**DIRECTIONS**
Each line from the one that contains "Rancho Santa Fe" through the end of the entries should be repeated exactly, with nothing added.

Dataset records
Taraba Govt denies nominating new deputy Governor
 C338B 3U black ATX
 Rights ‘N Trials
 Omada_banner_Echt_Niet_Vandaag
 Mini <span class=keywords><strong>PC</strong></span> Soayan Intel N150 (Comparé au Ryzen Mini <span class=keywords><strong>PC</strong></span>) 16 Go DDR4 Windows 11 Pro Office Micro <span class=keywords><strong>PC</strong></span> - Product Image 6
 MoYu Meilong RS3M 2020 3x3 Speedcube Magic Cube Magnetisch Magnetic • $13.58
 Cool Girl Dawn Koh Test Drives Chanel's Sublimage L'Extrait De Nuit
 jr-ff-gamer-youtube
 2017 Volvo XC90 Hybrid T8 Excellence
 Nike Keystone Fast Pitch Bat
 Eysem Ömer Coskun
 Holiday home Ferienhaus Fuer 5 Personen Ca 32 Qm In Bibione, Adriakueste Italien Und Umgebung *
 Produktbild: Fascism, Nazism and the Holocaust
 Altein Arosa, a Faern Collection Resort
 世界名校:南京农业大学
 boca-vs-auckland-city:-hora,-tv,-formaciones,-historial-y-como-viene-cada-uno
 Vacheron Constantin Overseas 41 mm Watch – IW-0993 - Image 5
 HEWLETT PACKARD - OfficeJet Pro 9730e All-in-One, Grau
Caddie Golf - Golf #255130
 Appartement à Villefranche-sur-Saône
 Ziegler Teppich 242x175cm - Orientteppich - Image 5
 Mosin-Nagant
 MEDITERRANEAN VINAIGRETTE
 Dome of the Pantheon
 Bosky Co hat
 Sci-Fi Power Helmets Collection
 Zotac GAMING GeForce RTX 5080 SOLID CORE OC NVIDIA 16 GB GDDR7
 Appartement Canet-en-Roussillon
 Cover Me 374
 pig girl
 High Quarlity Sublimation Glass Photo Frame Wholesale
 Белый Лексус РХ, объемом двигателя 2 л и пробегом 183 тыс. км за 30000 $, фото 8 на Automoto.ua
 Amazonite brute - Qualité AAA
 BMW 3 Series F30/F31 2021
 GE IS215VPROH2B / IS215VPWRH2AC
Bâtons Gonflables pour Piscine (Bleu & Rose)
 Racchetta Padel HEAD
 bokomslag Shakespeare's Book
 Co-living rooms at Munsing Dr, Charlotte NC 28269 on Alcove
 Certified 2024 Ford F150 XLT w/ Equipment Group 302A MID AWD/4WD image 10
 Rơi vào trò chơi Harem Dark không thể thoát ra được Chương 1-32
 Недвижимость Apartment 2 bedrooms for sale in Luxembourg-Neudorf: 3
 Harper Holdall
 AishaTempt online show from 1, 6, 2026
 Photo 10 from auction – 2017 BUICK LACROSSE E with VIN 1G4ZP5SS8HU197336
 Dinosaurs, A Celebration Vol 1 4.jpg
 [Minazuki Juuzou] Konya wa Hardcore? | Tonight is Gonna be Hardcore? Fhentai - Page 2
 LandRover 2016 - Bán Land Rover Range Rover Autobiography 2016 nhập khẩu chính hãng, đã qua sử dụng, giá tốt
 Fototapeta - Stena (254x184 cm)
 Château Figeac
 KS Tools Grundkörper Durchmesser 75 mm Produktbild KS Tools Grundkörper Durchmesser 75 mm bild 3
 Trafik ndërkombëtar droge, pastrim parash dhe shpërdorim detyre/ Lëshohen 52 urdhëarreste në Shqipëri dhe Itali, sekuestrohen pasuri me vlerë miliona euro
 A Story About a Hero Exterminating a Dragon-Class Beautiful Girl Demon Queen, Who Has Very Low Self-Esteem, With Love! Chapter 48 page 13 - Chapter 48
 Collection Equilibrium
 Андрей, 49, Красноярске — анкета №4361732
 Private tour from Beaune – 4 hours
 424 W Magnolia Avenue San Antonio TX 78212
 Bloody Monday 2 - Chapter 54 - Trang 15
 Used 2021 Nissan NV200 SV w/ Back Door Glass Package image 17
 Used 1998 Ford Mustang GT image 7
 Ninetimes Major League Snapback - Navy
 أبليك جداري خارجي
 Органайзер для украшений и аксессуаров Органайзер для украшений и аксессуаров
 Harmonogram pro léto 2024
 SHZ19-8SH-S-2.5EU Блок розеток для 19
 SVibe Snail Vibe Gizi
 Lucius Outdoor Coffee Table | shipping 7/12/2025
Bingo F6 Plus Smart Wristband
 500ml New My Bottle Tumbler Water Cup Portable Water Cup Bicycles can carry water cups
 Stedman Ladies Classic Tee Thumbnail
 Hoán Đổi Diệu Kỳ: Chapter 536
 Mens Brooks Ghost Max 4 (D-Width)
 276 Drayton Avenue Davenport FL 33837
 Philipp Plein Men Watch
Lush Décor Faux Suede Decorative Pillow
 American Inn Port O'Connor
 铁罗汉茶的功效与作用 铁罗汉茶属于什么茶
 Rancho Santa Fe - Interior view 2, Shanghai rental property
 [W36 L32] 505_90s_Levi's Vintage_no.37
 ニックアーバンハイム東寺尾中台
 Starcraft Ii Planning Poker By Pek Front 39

**REPLY**
 Rancho Santa Fe - Interior view 2, Shanghai rental property
 [W36 L32] 505_90s_Levi's Vintage_no.37
 ニックアーバンハイム東寺尾中台
 Starcraft Ii Planning Poker By Pek Front 39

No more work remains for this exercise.